A seller’s market is emerging in several Manhattan neighborhoods, with inventory crunches leading to the return of bidding wars, according to a new report by real estate data firm UrbanDigs.
The report looked at the ratio of demand to supply. It found, for example, that Morningside Heights, the West Village and Little Italy each have over 1.5 times more units in contract than available.
The strong demand means buyers must compete to win deals. Agents are seeing this firsthand.
This spring, Mihal Gartenberg, an agent at Warburg Realty, noticed a shift in the market and increased buyer competition after she began working with a buyer looking on the Upper East Side, where there are 1.03 times more units in contract than available.
“When we finally found the apartment she wanted, a condopin a building with condo rules, she was one of three buyers to place a bid,” Gartenberg said. “Prior to that, I observed that there were so-so apartments that had multiple showings and full-ask offers after being on the market for only one day.”

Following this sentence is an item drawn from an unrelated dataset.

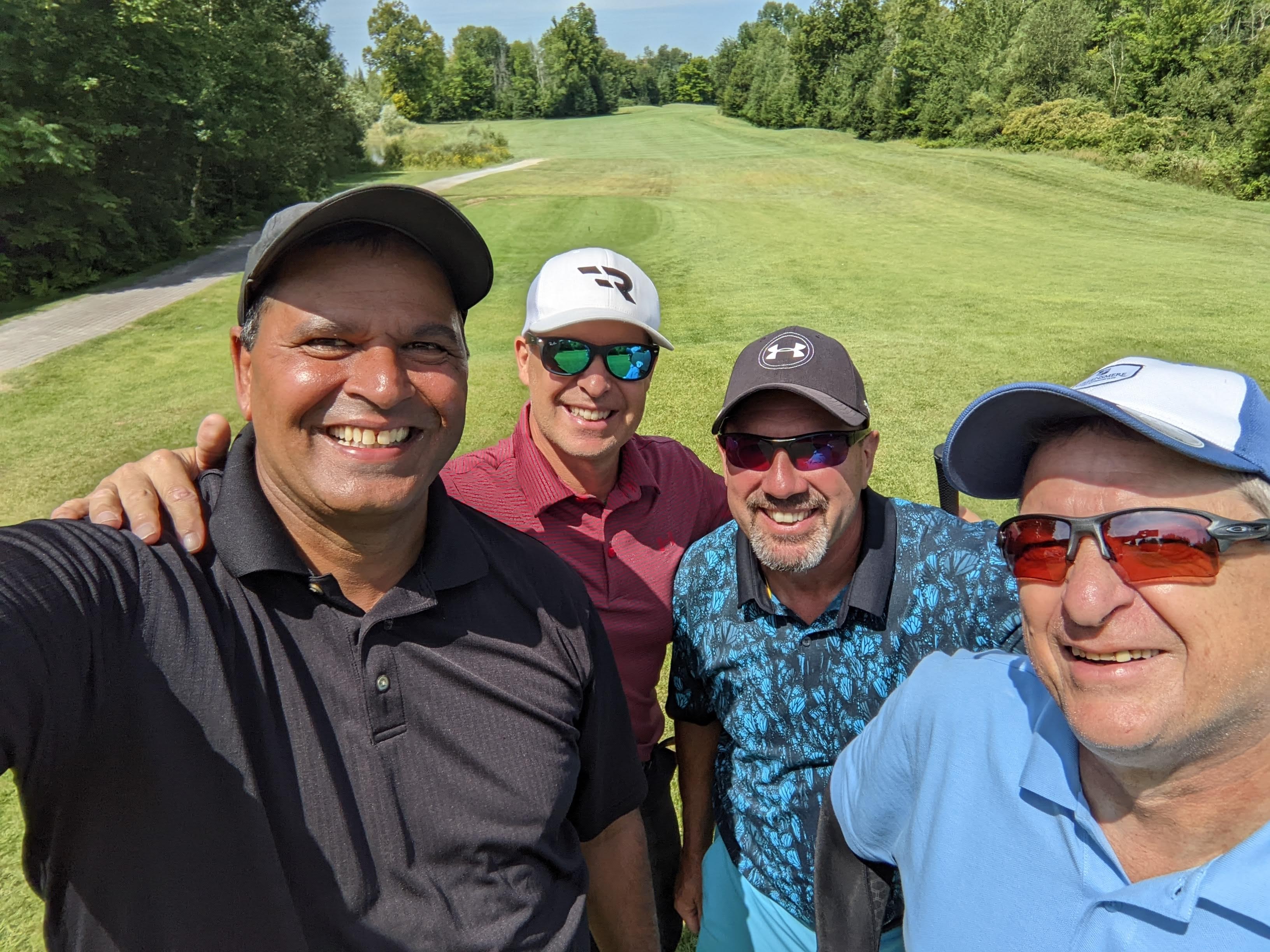 四名男子在高尔夫球场微笑的自拍照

Gartenberg believes they were lucky to not only land the apartment but also negotiate the price down a bit. “Buyer negotiability was dropping while we were shopping. It was a very interesting experience to observe firsthand. I truly believe that had she waited one more weekend, we either would have lost the apartment or would have had to go in at ask, or above, to get it,” she explained.

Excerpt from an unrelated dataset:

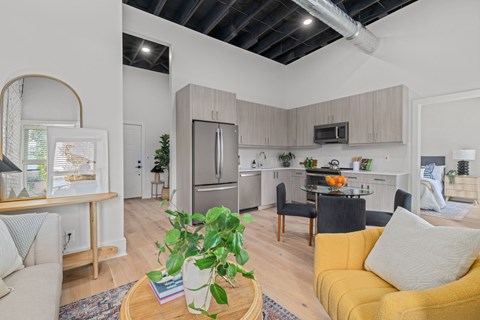 A living room with a yellow couch and a coffee table with a plant on it.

Broker Sheila Trichter of Warburg Realty had a similar but unsuccessful experience with a client in the West Village looking for a one- or two-bedroom condo in the $1.5 million to $2.5 million range.
“The market for that price range in West Village condos was extremely tight and while nothing there pleased my buyer, every apartment that we saw went quickly and many had experienced competitive bidding,” Trichter said. “This is often the case here because, except for the new and new-ish developments that have large and super expensive apartments, there are just not that many condo buildings in the West Village.”

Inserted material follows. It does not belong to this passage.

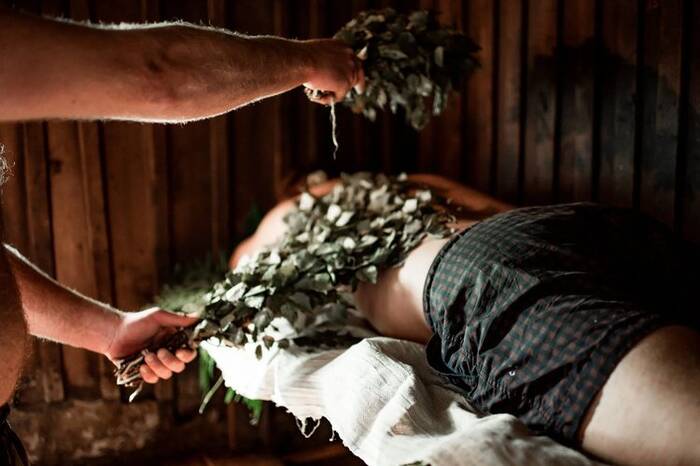 A sauna ritual with birch whisks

While the market in much of the country has been busy throughout the year, the spring saw a tightening in Manhattan.
“I had a classic-six co-op listing on Central Park West that went on the market in December,” said agent Robert Elson of Warburg Realty. “It got a big response early on but since it needs work it did not get any traction. Three offers significantly below ask were rejected by the seller, but then in the spring we dropped the price by 16%, and offers came in almost immediately. The contract was signed this week. Both and buyer and seller are extremely pleased.”